Ética, dados e metas
Costumo dizer que ninguém contrata pesquisa quando está tudo bem. Normalmente, a consulta é feita para verificar o tamanho do estrago, provocado por alguma besteira involuntária ou deliberada. Acontece coisa parecida quando se percebe uma grande mobilização do mercado no sentido de corrigir distorções éticas nos negócios.
Ela ocorre sempre que uma sucessão histórica de abusos compromete a imagem da atividade e começa a ter reflexos no faturamento. Foi assim durante o furacão do compliance e não está sendo diferente na questão relativa à proteção dos dados. São sempre reações a uma situação próxima do descalabro moral. E então surgem manuais para ensinar o bê-á-bá da moralidade corporativa. A malversação no uso de dados é antiga e crônica, a ponto de se tornar banal, inclusive para suas vítimas.
É ridículo que apenas em meados do ano passado tenha sido disponibilizado aos brasileiros pela Anatel o sistema “Não perturbe”, que permite o bloqueio de chamadas comerciais não-autorizadas. E que só agora, em janeiro de 2020, os bancos tenham criado uma autorregulação que dá aos incomodados o direito de impedir que companhias de crédito insistam em ligar para recém-aposentados, por exemplo, a partir de dados obtidos sabe-se lá como.

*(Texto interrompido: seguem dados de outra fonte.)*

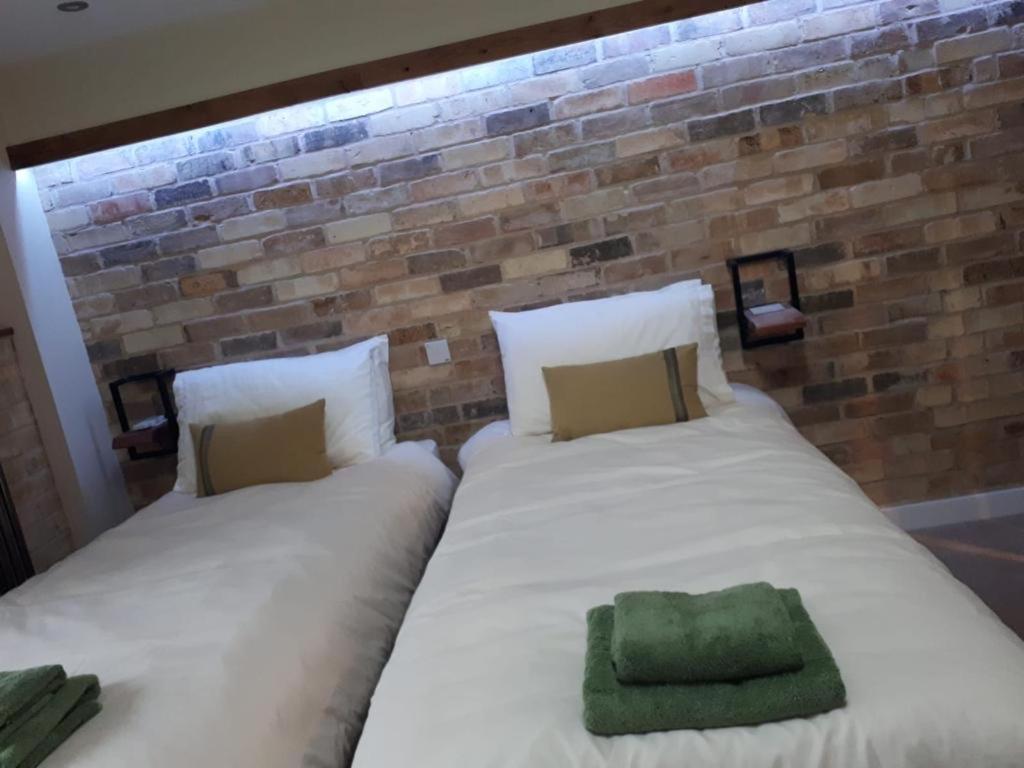 Top Tip Rooms Newmarket นิวมาร์เก็ต ภายนอก รูปภาพ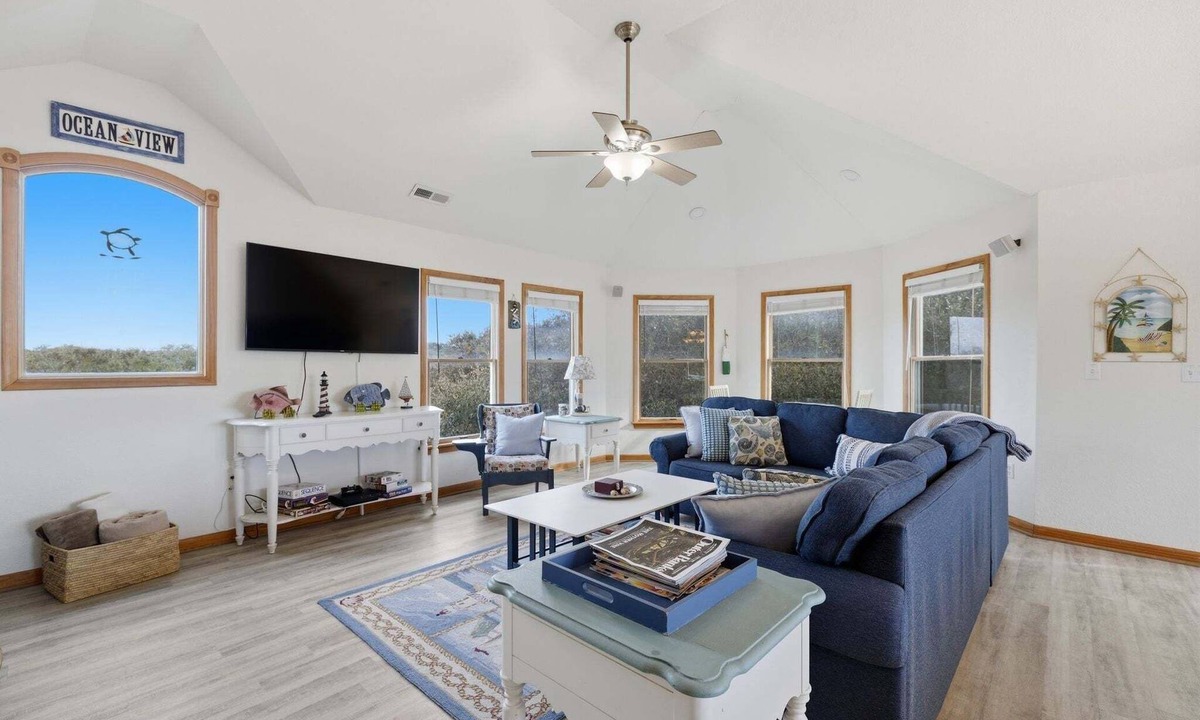 Corolla House | Golf & Surf 7BR: Private Pool, 5 Min to Beach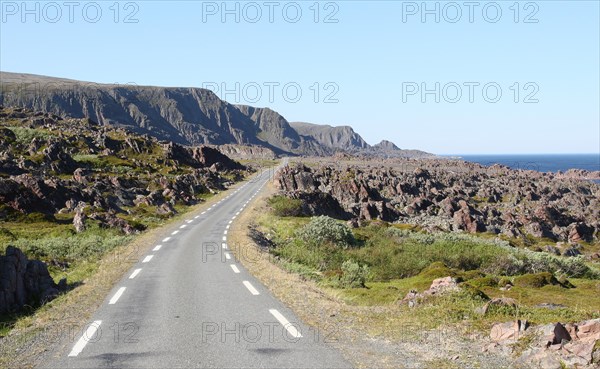 Single-lane coastal road to Hamningberg on the Barents Sea, Lapland, Northern Norway, Scandinavia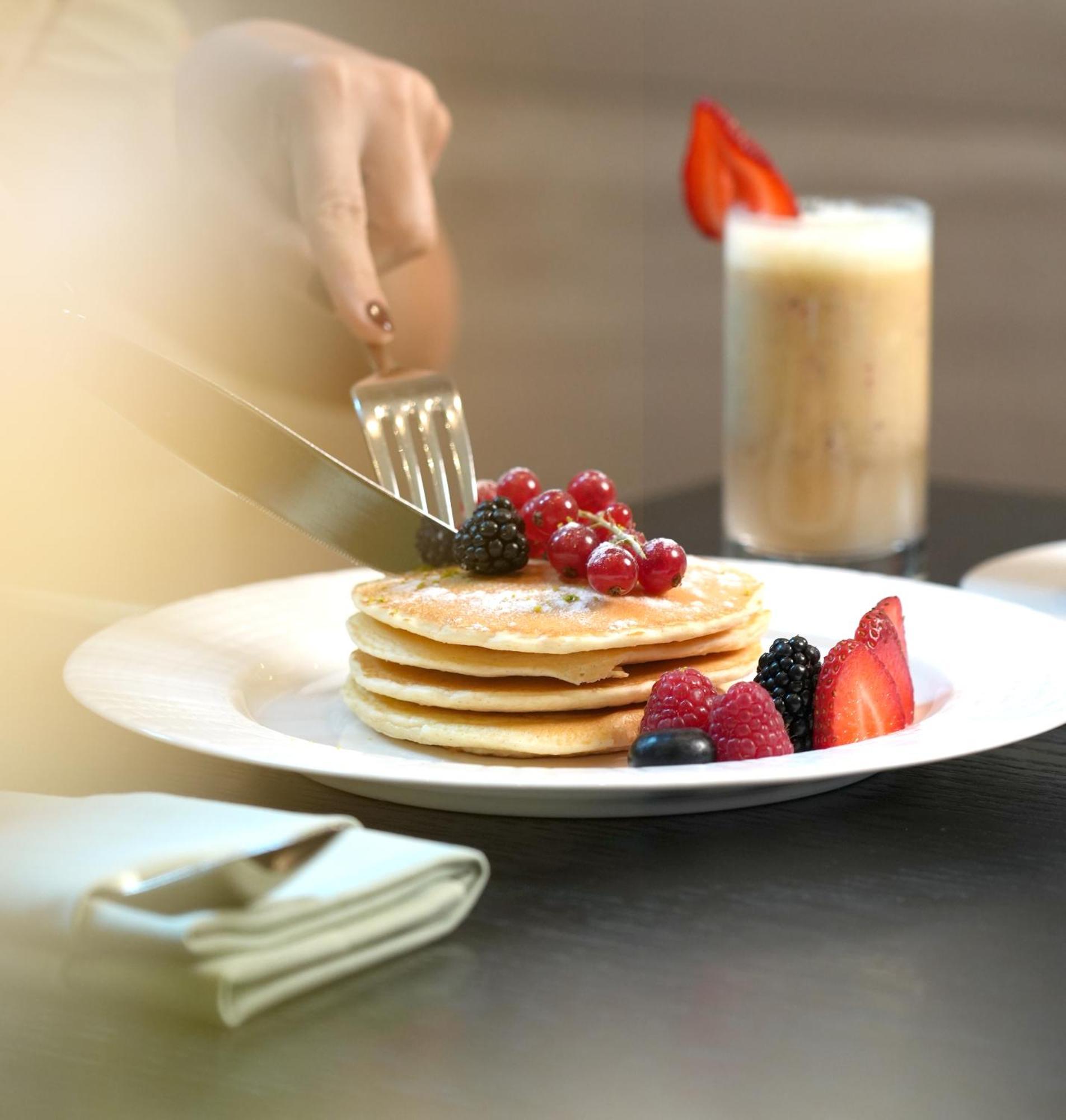 แฟร์มอนต์ ริยาด Hotel ริยาดห์ ภายนอก รูปภาพ A stack of pancakes with fruit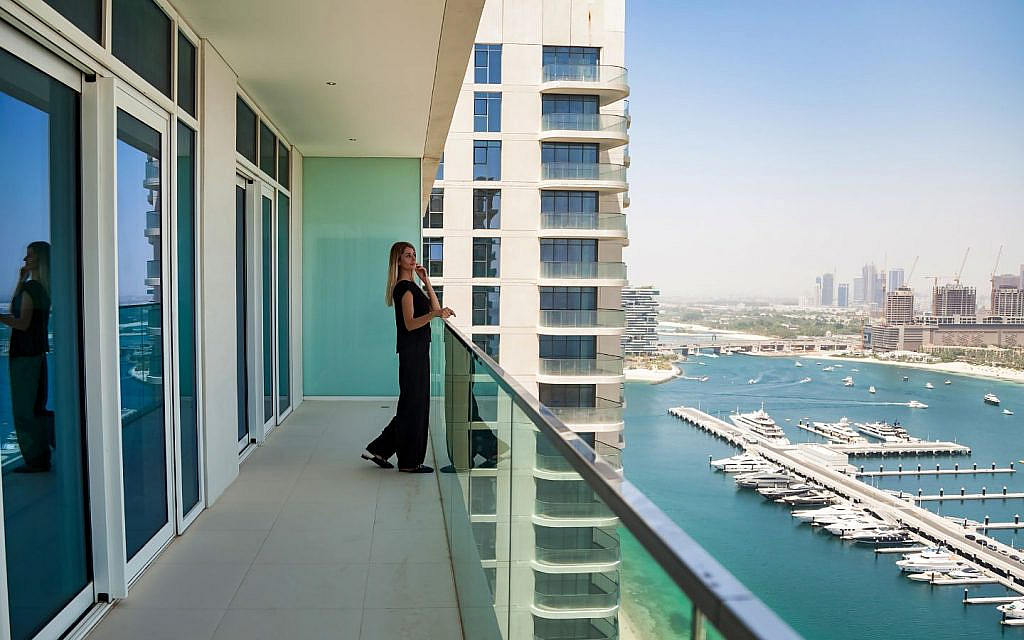  Upcoming Villas Communities vs Upcoming Apartment Projects in Dubai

Milhares de subempregados em mesas de call centers passam o dia atormentando os outros, a fim de compor um salariozinho de sobrevivência. Tudo em nome das tais metas. A coisa se converteu em escândalo e começou a manchar a imagem de marcas que são vendidas por terceirizados. Daí, como sempre ocorre, setores se mobilizaram em nome de ética (!). Quando comecei a trabalhar, usei uma parte do meu primeiro salário para assinar uma revista semanal. Pouco tempo depois, comecei a receber toda sorte de correspondências, oferecendo os mais variados serviços, de cartão de crédito a consórcio.
Passados alguns anos, quando fiz o meu primeiro cartão de crédito, passei a receber correspondência frequente, oferecendo assinaturas de revistas. Ou seja, faz muito tempo que nossos dados vagam de mão em mão, negociados entre segmentos diversos, sem o menor escrúpulo.
Com a popularização do telefone, a abordagem passou a ser mais desavergonhada e substituiu os redatores de malas-diretas por vendedores de viva voz. Se antes bastava amarrotar a papelada e jogar no lixo, passamos a viver o constrangimento de desencorajar a insistência de pobres anônimos.
Veio a internet, sua meteórica evolução e o assalto à nossa intimidade virou uma mina de ouro. Tudo com a cumplicidade do mercado e a complacência do poder público. Da mesma forma que acredito que os manuais de compliance atenuam, mas não eliminam os maus hábitos, entendo que a Lei Geral da Proteção de Dados deva causar uma certa intimidação na largada, mas com o tempo interpretações jurídicas diversas revelarão suas frestas.
É verdade que algumas empresas já fazem do respeito à proteção de dados, bandeira de marketing, como outras, em ocasiões recentes, fizeram a mesma coisa com relação ao compliance. A maioria, no entanto, vai ter de se virar para tentar atender à volúpia de resultados sem pisar na bola.